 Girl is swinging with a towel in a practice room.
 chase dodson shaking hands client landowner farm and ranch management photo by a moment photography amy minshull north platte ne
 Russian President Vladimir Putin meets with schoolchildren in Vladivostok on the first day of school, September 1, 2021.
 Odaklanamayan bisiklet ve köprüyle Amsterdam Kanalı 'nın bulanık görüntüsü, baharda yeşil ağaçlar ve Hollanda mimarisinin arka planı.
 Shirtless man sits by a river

* * *

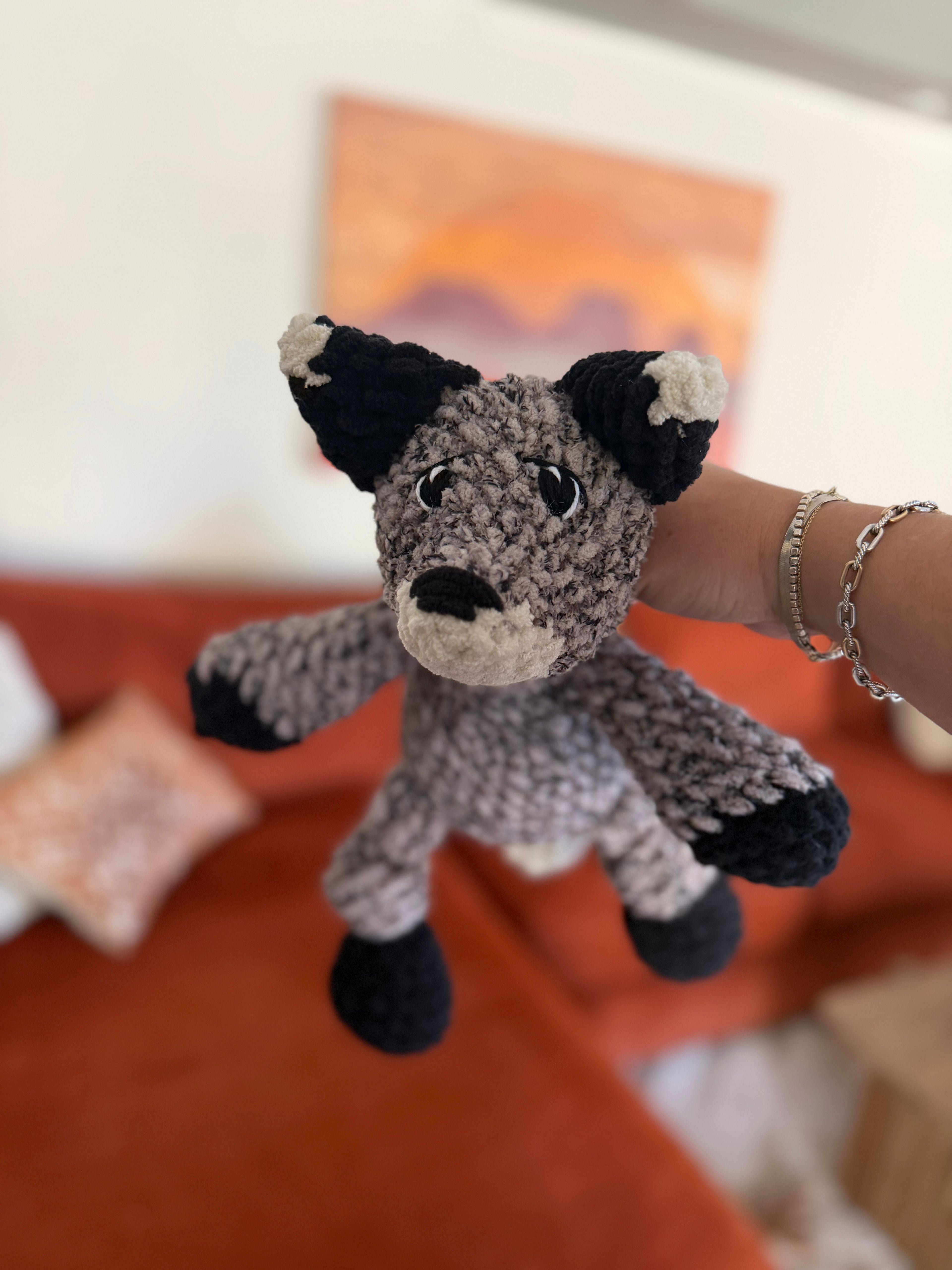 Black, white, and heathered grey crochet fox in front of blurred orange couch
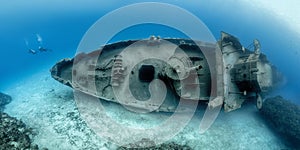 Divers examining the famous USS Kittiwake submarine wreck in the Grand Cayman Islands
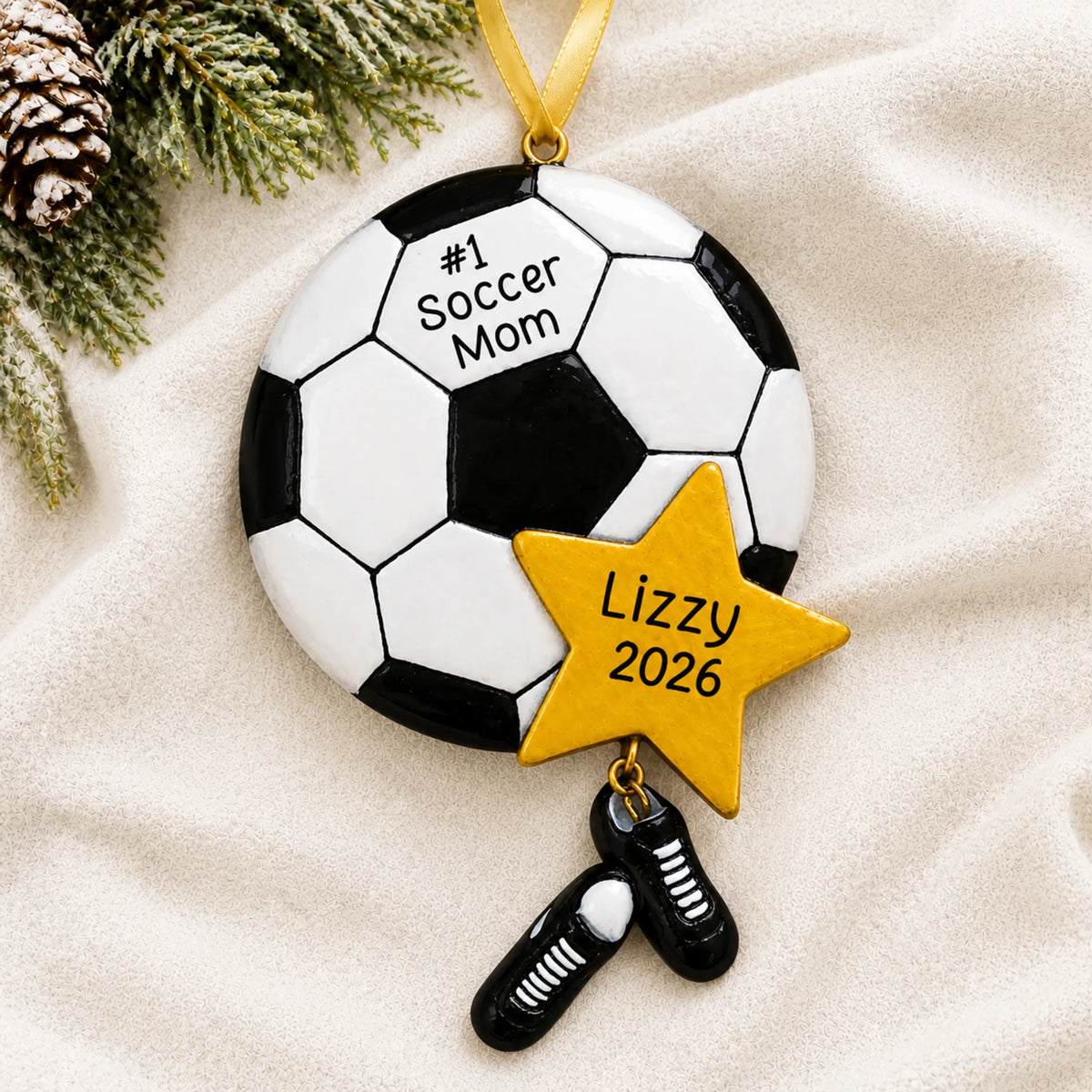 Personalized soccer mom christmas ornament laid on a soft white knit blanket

==

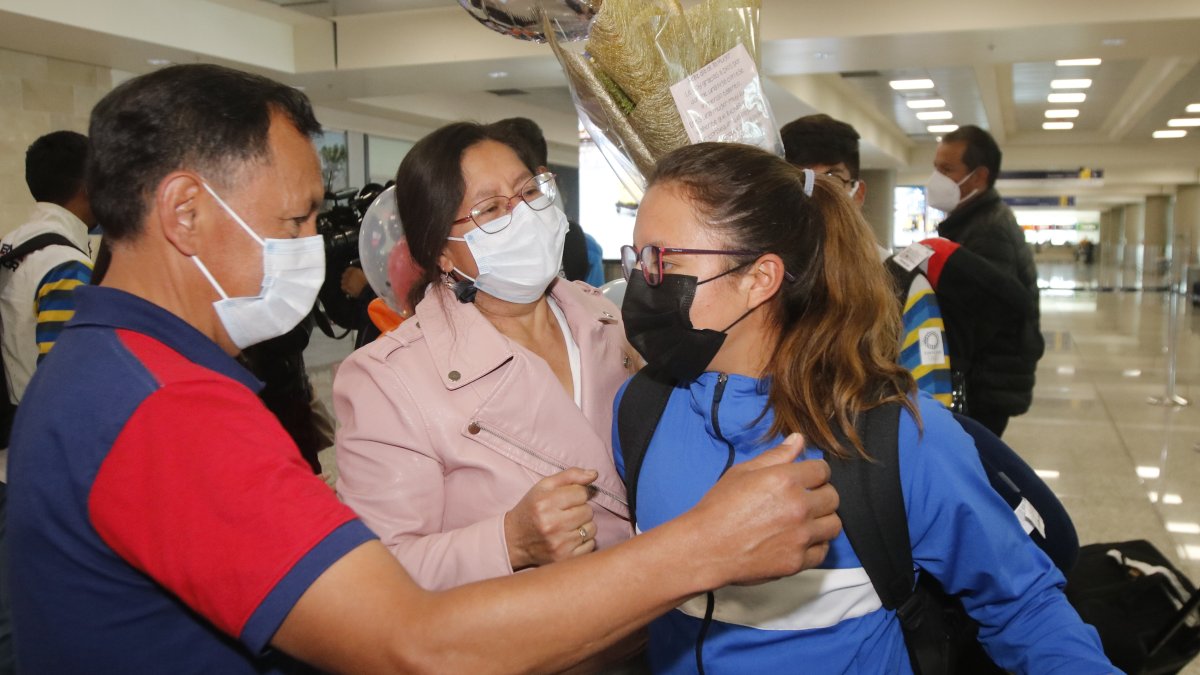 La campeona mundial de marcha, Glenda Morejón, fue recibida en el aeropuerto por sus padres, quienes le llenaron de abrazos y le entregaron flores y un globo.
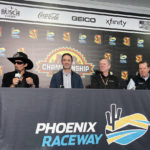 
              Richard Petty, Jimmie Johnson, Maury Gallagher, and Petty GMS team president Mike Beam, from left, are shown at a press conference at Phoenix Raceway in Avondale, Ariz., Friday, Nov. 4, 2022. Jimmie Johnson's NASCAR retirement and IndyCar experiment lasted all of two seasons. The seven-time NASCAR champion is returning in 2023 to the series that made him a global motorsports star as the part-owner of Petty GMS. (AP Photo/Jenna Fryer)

YOUR INSTRUCTIONS:
Nothing but the lines above from the line with "Divers examining the" up to and including the line with "Personalized soccer mom" should be returned, exactly as written and without pictures.

REPLY:
 Divers examining the famous USS Kittiwake submarine wreck in the Grand Cayman Islands
 Personalized soccer mom christmas ornament laid on a soft white knit blanket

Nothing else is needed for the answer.